Short web captions:
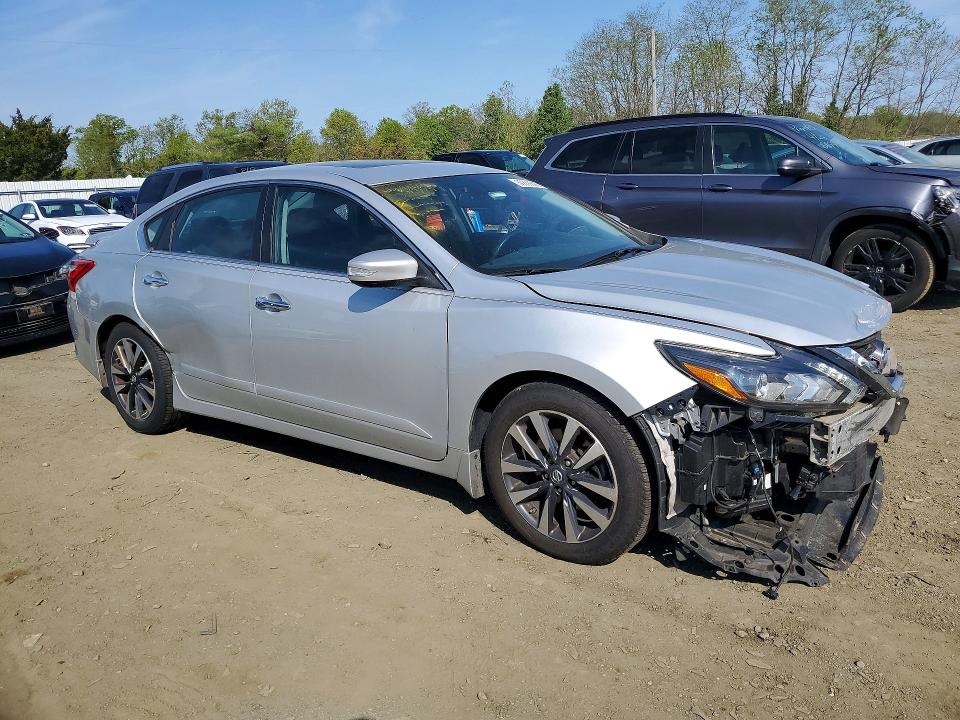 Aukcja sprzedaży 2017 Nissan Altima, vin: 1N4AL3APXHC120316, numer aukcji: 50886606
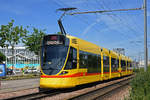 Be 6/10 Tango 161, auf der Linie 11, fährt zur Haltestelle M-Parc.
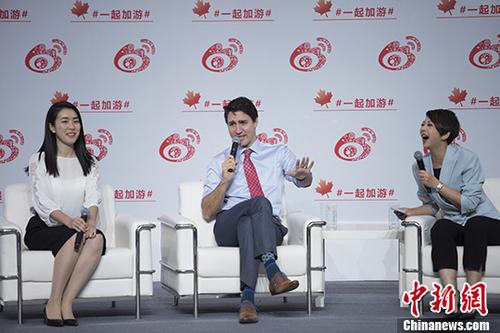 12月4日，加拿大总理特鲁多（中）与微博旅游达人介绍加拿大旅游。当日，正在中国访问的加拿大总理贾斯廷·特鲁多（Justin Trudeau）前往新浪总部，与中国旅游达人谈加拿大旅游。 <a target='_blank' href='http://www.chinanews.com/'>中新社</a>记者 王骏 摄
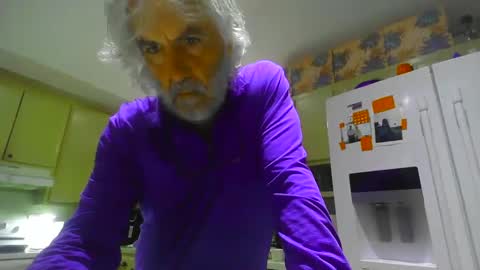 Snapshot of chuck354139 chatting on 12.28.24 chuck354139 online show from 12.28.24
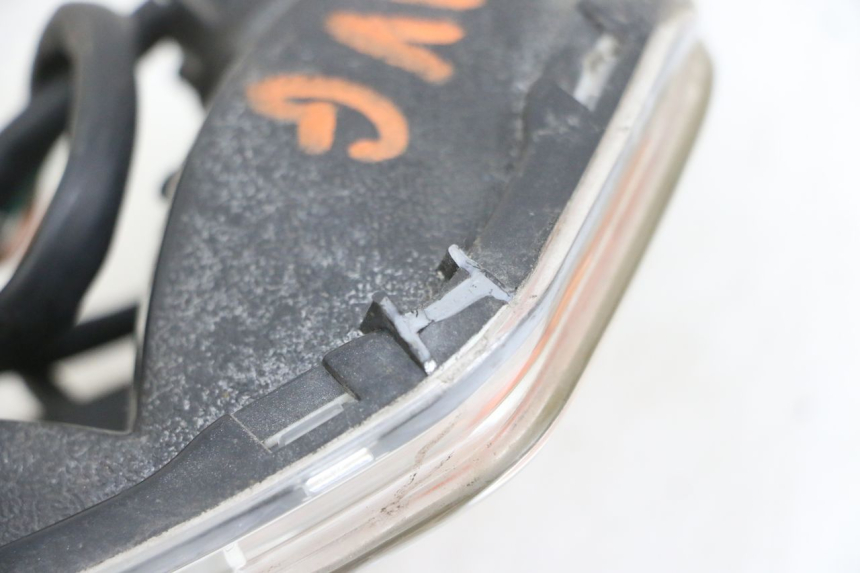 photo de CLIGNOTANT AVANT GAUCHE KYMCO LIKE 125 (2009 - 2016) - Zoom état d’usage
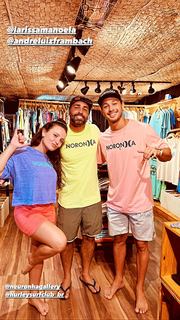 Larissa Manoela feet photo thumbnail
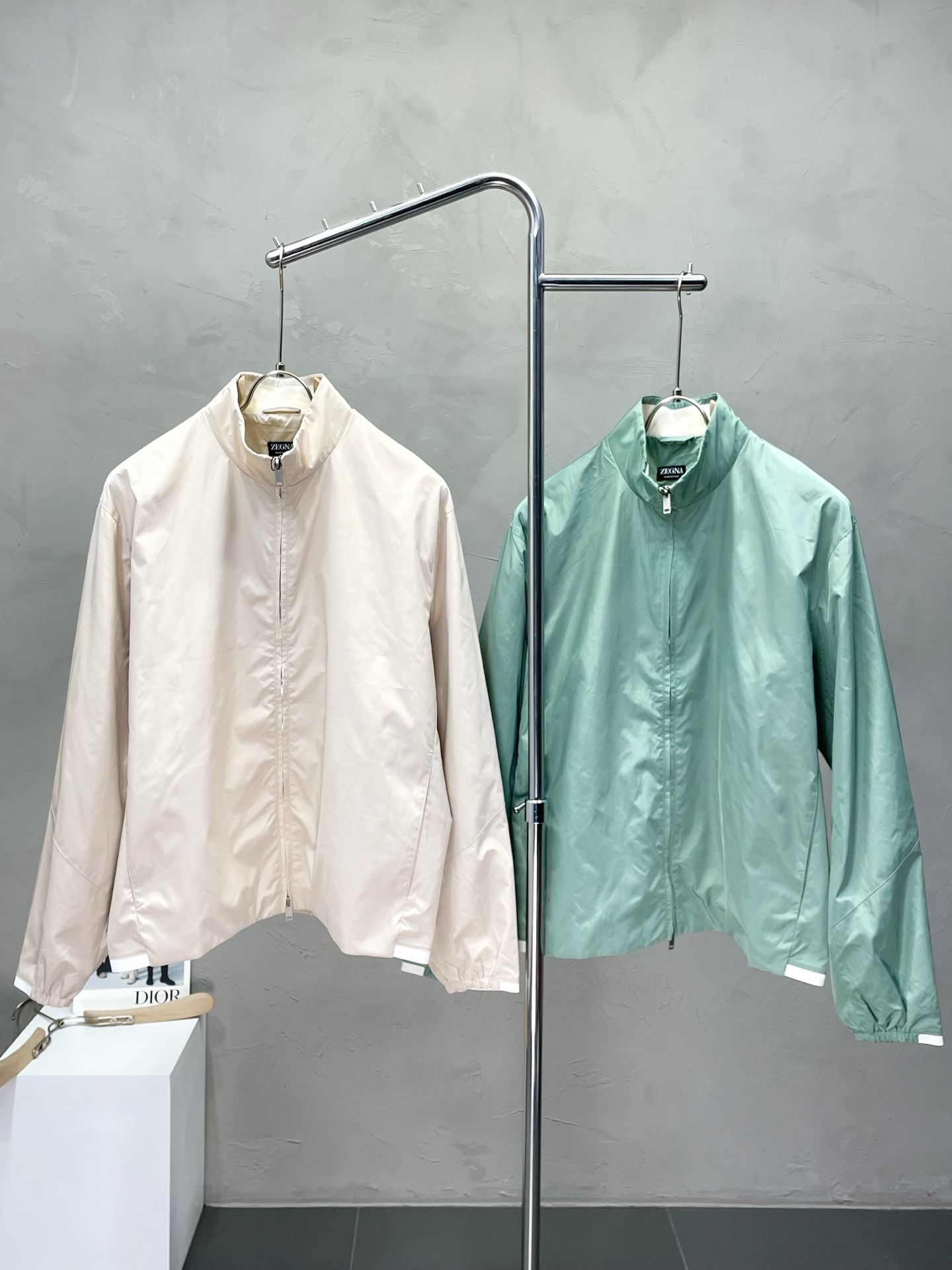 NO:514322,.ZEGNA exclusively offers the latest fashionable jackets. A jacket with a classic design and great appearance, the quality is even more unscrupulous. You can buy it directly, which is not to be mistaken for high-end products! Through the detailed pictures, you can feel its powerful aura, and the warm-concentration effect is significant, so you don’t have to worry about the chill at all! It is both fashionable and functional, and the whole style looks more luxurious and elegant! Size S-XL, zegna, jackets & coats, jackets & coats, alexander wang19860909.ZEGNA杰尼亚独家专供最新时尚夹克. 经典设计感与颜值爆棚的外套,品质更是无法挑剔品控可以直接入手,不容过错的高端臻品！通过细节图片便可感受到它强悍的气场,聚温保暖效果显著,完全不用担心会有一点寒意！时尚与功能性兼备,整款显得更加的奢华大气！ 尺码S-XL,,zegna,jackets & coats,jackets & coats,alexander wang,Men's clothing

## PROBLEM
Start with the line holding "Snapshot of chuck354139" and repeat exactly every line through the final line of the records above, but no pictures and nothing more.

## EXERCISE OUTPUT
 Snapshot of chuck354139 chatting on 12.28.24 chuck354139 online show from 12.28.24
 photo de CLIGNOTANT AVANT GAUCHE KYMCO LIKE 125 (2009 - 2016) - Zoom état d’usage
 Larissa Manoela feet photo thumbnail
 NO:514322,.ZEGNA exclusively offers the latest fashionable jackets. A jacket with a classic design and great appearance, the quality is even more unscrupulous. You can buy it directly, which is not to be mistaken for high-end products! Through the detailed pictures, you can feel its powerful aura, and the warm-concentration effect is significant, so you don’t have to worry about the chill at all! It is both fashionable and functional, and the whole style looks more luxurious and elegant! Size S-XL, zegna, jackets & coats, jackets & coats, alexander wang19860909.ZEGNA杰尼亚独家专供最新时尚夹克. 经典设计感与颜值爆棚的外套,品质更是无法挑剔品控可以直接入手,不容过错的高端臻品！通过细节图片便可感受到它强悍的气场,聚温保暖效果显著,完全不用担心会有一点寒意！时尚与功能性兼备,整款显得更加的奢华大气！ 尺码S-XL,,zegna,jackets & coats,jackets & coats,alexander wang,Men's clothing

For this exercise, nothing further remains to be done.